Autologous stem cell transplantation (SCT), when followed by a sibling reduced-intensity allogeneic SCT, produced impressive results in patients with relapsed follicular lymphoma, according to a small Canadian study presented at the December 2009 American Society of Hematology (ASH) meeting.
The study featured 27 patients, all with relapsed follicular lymphoma (FL) who were given chemotherapy-based autologous SCT followed by a reduced-intensity allogeneic SCT from an HLA matched sibling.

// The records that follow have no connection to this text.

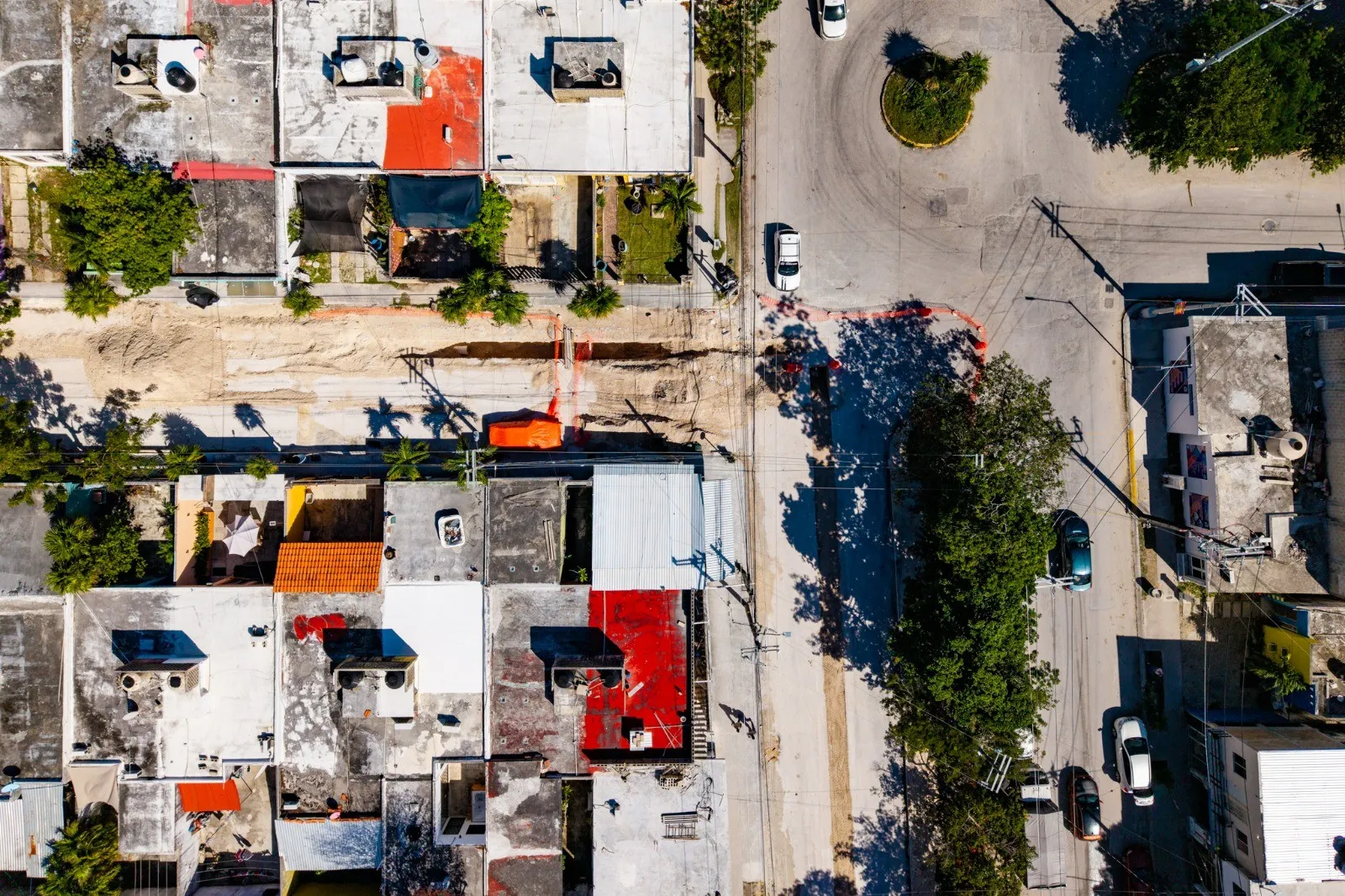 Construction work on the Aguakan sewer project in Puerto Morelos, Quintana Roo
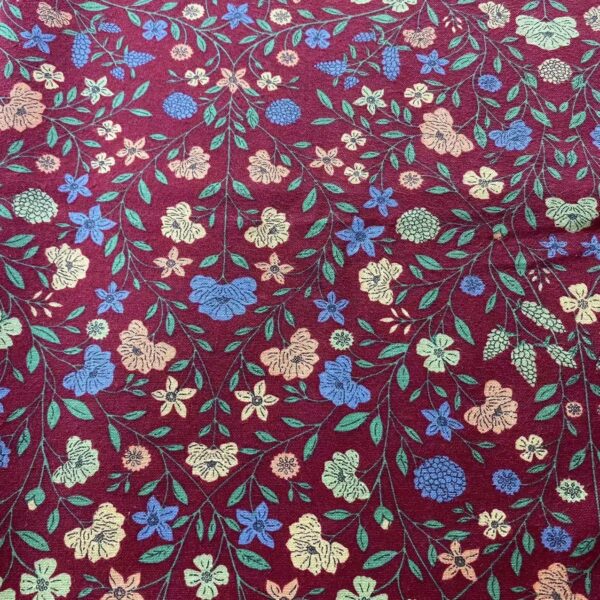 Country Floral Brushed Cotton Fabric – Warm Thickened Cotton for Jackets, Homewear & DIY Sewing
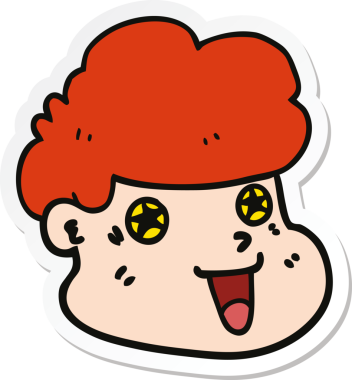 Bir insan tarafından çizilmiş bir çizgi film çocuğunun yüzü.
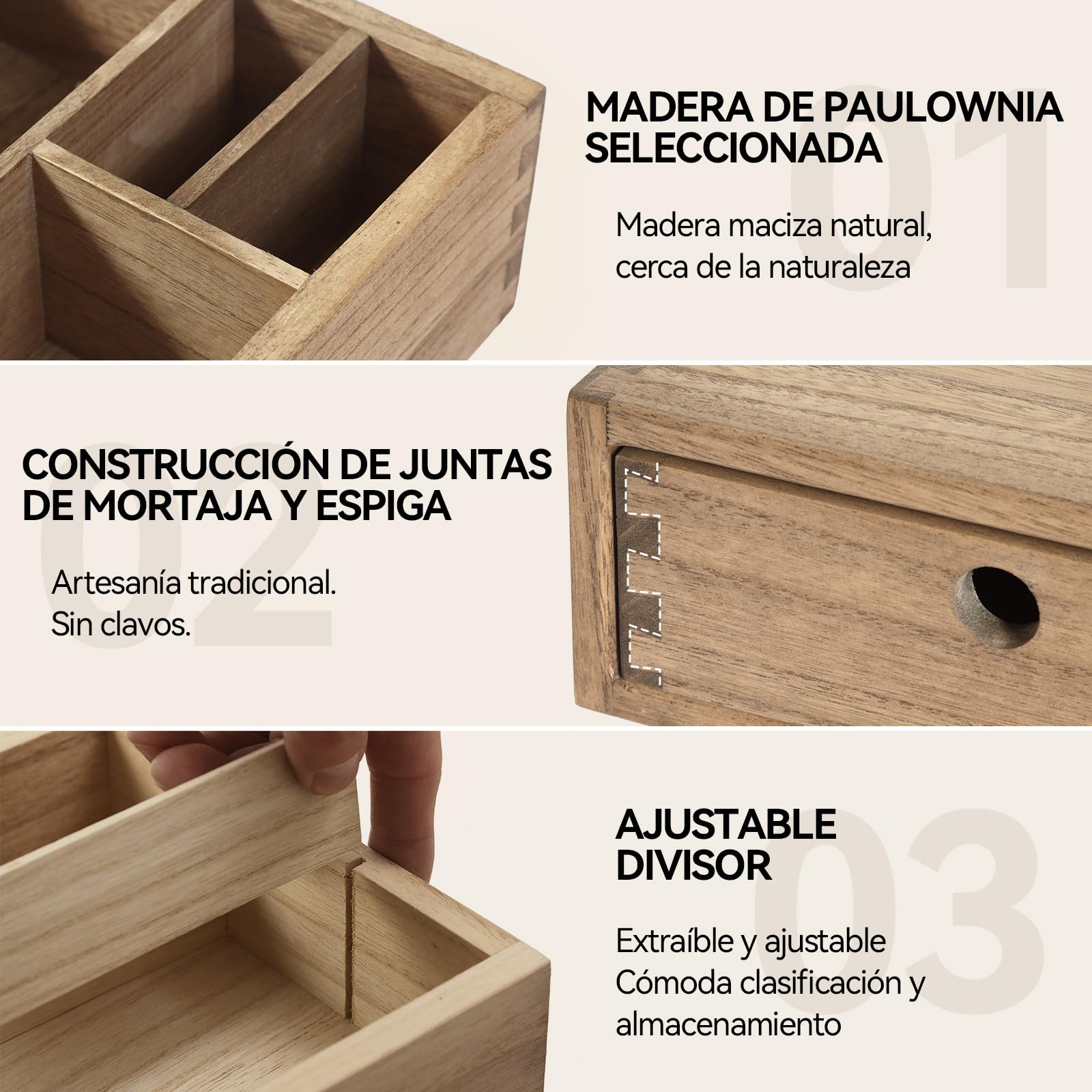 KIRIGEN Organizador de Café, Estación de Café, Caja para Cápsulas, Marrón | 2 cajones y 4 compartimentos; paulownia maciza; montado; uniones de espiga y mortaja; aceite vegetal; 41 × 31 × 17 cm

14 patients received the BEAC regimen (BCNU, etoposide, cytarabine, cyclophosphamide) for the autologous SCT, while 13 patients received the BEAM regimen (BCNU, etoposide, cytarabine, and melphalan) for the autologous SCT.
All patients received fludarabine and cycolophosphamide as outpatients for the allogeneic SCT, with an average interval of 133 days between transplants.
All 27 patients achieved a complete remission following the allogeneic SCT, while median progression-free (PFS) survival, as well as overall survival (OS), at three and five years was an astonishing 96%.
Source: Cohen S, Busque L, Kiss T, et al. Tandem autologous-allogeneic nonmyeloablative sibling transplant in relapsed follicular lymphoma leads to impressive progression free survival with minimal toxicity. Blood. 2009;114:25, abstract 50.